What problems wil that make i am new to this so i just grind until its perfekt ,you mean the corner should have more radius ,is this to make sure the rings dont get stuck.


----------



## blsnelling (Jan 18, 2009)

It's not the corner radius that is critical. What is critical is the shape of the top and bottom of the port. It they're too flat, they'll catch a ring and trash the engine.


----------



## volks-man (Jan 18, 2009)

*blsnelling + timberwolf + others*

thanks for all your help with my echo cs-440 port project.

work done:
widened exhaust
widened intake (one side only, ring end issue)
huge change in transfers at cyl-case intersection.
small notches added to bottom of piston at lower end transfer.
pop-up added to piston
jug lowered by .020, squish from .032 to .020
muffler opened _more_
retune by ear.

results:
immediatly i could_ hear _the compression (before i opened the muffler) you guys know what i mean... the saw has a tinnier sound idling like my stihls.
i never timed a cut before teardown. seat of the pants testing says the saw turns a fraction faster than before (will tach later). the saw absolutely, definitly, positively has *more torque*, and lots of it. you can _almost _lean on it as hard as my 361.  before the mods it was a torqueless wonder. 
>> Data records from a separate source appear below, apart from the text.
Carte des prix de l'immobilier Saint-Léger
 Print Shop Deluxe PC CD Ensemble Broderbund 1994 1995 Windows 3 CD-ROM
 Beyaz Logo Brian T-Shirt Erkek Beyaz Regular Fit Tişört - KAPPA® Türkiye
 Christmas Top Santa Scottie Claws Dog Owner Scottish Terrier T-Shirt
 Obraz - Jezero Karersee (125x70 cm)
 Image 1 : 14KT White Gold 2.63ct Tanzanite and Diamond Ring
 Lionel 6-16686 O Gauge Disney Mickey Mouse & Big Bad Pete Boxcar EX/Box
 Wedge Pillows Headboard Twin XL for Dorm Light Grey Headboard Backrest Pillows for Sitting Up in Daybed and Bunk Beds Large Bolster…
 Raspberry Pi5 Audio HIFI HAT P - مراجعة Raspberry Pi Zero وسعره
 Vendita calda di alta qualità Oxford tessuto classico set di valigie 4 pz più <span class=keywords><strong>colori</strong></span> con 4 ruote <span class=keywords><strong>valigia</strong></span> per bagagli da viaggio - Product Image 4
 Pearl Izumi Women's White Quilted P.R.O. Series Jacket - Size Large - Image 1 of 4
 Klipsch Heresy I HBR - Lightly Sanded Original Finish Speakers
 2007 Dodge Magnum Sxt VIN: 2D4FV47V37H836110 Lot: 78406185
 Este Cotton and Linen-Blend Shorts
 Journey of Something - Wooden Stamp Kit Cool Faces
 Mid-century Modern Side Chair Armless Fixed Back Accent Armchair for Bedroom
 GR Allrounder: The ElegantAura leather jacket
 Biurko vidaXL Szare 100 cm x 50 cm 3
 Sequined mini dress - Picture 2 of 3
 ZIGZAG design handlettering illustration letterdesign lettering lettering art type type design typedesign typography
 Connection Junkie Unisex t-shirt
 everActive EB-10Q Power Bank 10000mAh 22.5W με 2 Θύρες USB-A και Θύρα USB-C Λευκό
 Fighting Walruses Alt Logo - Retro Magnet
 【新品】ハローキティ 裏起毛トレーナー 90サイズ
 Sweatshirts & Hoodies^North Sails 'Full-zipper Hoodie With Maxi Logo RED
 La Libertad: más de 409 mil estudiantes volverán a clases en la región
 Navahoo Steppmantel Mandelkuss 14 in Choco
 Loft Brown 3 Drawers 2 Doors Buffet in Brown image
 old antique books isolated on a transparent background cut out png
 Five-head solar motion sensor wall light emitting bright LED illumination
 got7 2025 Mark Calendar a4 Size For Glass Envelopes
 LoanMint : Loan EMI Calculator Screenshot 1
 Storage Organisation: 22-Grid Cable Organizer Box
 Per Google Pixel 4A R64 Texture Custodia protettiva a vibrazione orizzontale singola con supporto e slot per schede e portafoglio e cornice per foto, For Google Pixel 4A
i think that i need to toss the 18" bar + .325, and grab a 16" + 3/8. 
i honestly believe it will pull it now!

thanks for all your input guys!


----------



## blsnelling (Jan 18, 2009)

Once you run a ported saw, you're ruined forever. Congrats on a successful job.


----------



## volks-man (Jan 18, 2009)

blsnelling said:


> Once you run a ported saw, you're ruined forever. Congrats on a successful job.



silly question, i know, but do all saws respond like this?
night and day difference in torque! 

i really only knocked the chamfers off the exhaust and one side of intake (intake was already nearly as big as intake boot anyway). i can only figure that those transfers closed off almost completely as a way to control emmisions by way of limiting intake charge being sucked out by exhaust.....
basically the saw only got just enough fuel/air to run, but not run strong.

anyway, if all saws respond similarly, then i think i have another echo and a poulan/craftsman i can play with before i attempt work on the stihls. 
thanks again!


----------



## Crofter (Jan 18, 2009)

Ring expansion plus any gas pressure behind it in the ring groove is constantly trying to bulge the ring out into the unsupported opening of the port and the wider you make the ports as a percentage of bore diameter the worse the bulge.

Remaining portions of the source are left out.